• [AIM OF THE TASK]:
Span requested from the data below: the line with "Descubra o Mundo" through the line with "Abhimanyu Manglik appointed", both included. Give only these lines again, exactly, and leave every picture out.

• [PROVIDED RECORDS]:

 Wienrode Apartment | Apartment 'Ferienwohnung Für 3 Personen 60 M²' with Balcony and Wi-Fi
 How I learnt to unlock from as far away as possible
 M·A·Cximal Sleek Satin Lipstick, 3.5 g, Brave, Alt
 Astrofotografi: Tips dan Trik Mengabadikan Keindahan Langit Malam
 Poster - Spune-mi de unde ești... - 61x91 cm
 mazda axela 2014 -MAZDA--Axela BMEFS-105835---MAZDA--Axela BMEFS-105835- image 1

==

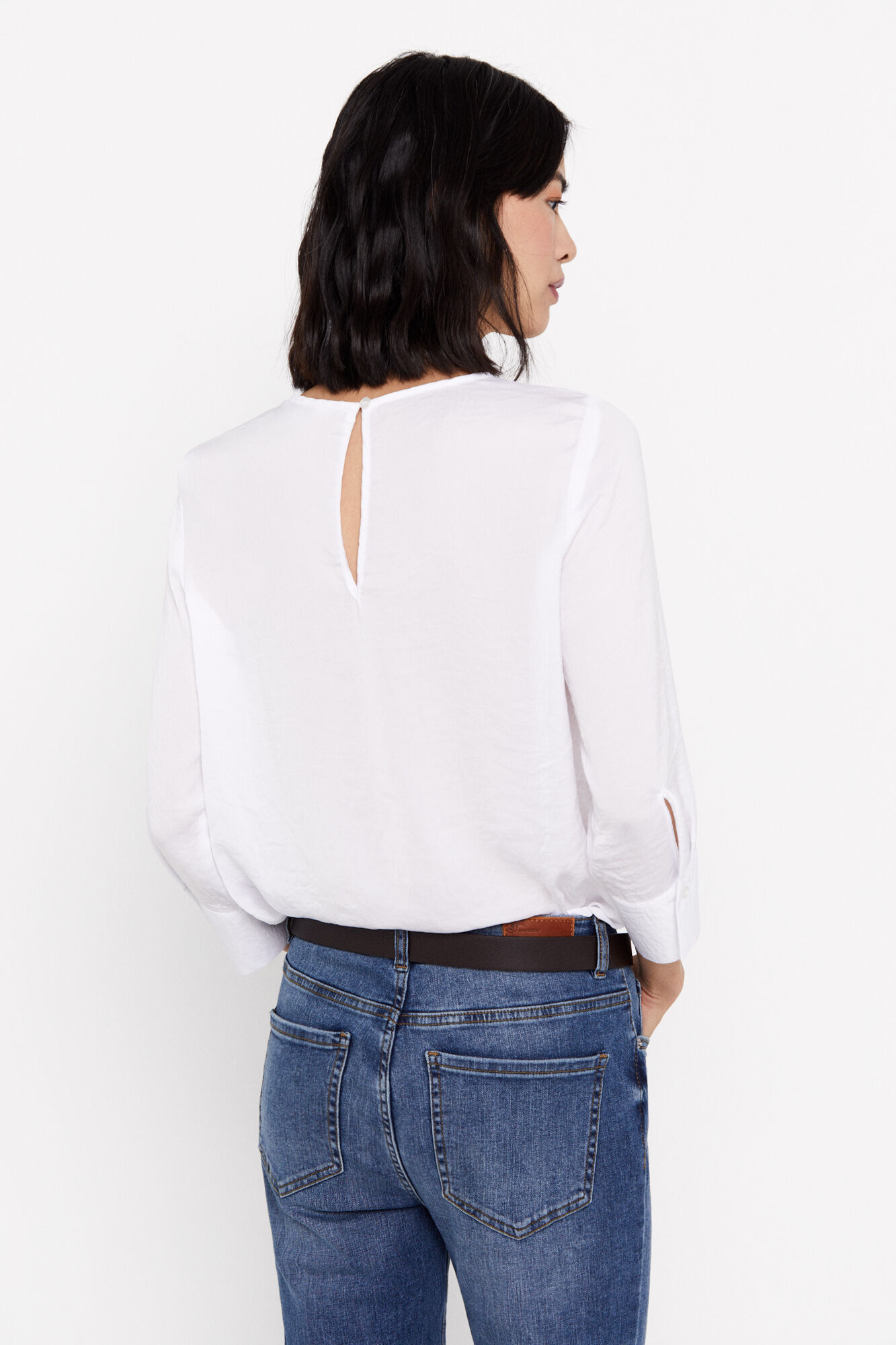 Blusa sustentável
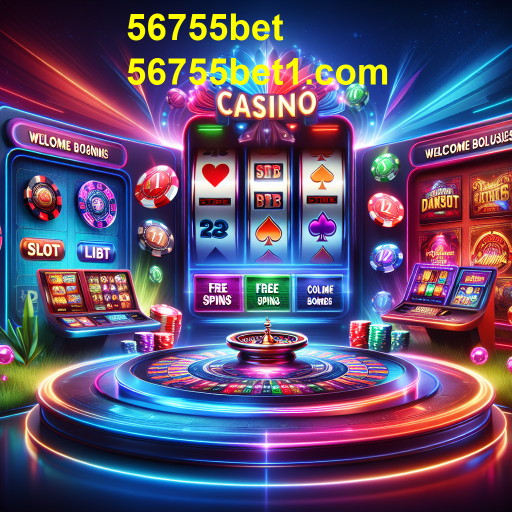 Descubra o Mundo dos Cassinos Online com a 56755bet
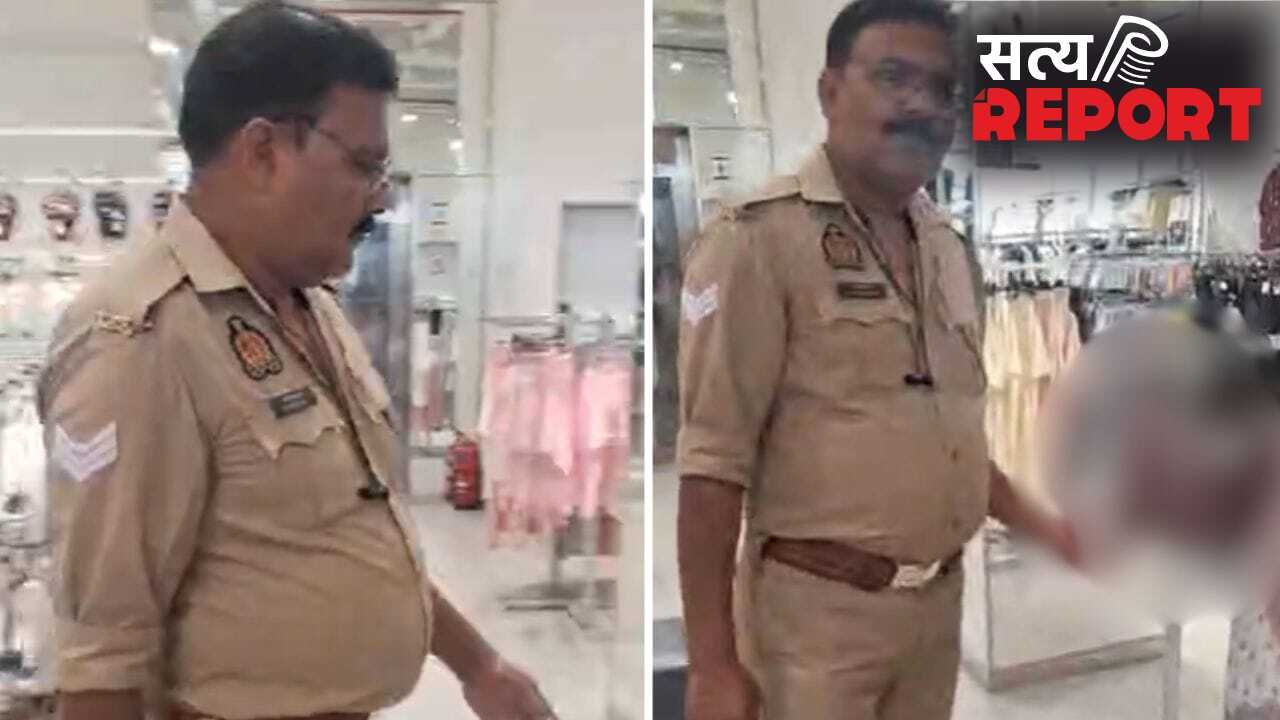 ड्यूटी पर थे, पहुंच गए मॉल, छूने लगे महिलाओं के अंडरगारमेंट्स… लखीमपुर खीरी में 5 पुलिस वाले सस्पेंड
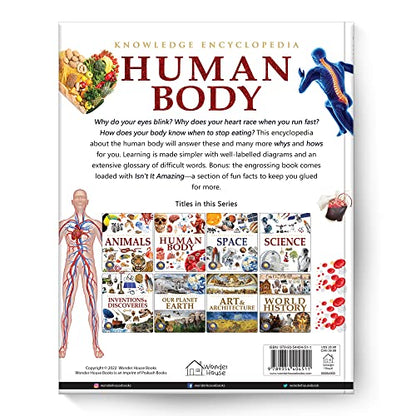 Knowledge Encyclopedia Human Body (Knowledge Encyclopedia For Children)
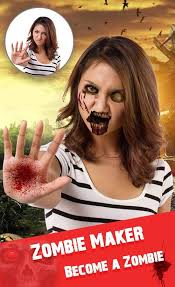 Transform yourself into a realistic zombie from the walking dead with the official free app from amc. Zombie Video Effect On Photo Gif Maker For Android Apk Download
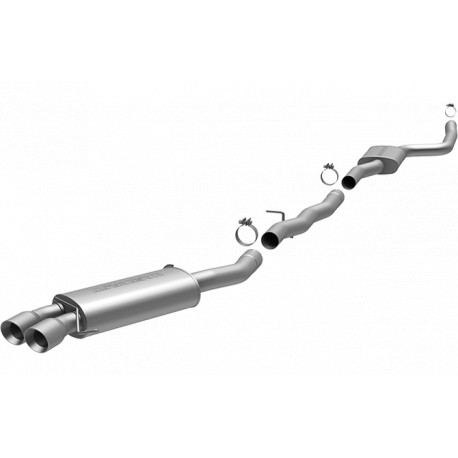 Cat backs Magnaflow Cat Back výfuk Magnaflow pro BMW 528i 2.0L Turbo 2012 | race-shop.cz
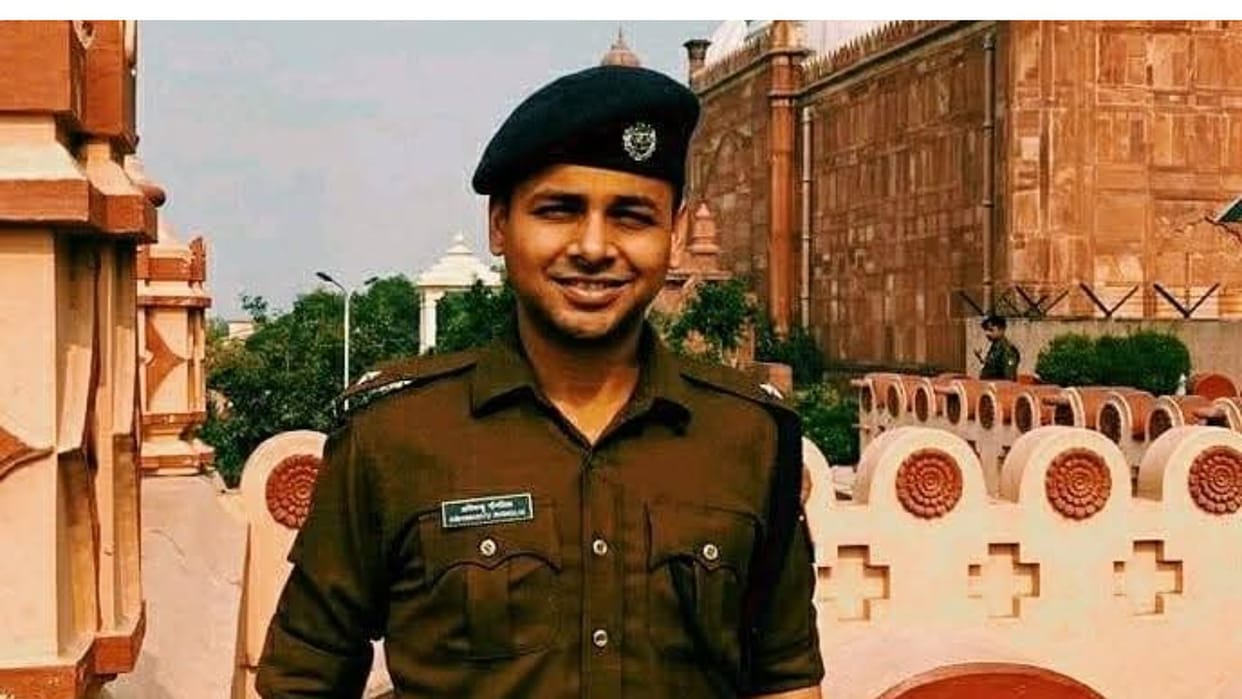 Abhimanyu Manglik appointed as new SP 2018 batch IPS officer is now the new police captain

• [WRITTEN SOLUTION]:
 Descubra o Mundo dos Cassinos Online com a 56755bet
 ड्यूटी पर थे, पहुंच गए मॉल, छूने लगे महिलाओं के अंडरगारमेंट्स… लखीमपुर खीरी में 5 पुलिस वाले सस्पेंड
 Knowledge Encyclopedia Human Body (Knowledge Encyclopedia For Children)
 Transform yourself into a realistic zombie from the walking dead with the official free app from amc. Zombie Video Effect On Photo Gif Maker For Android Apk Download
 Cat backs Magnaflow Cat Back výfuk Magnaflow pro BMW 528i 2.0L Turbo 2012 | race-shop.cz
 Abhimanyu Manglik appointed as new SP 2018 batch IPS officer is now the new police captain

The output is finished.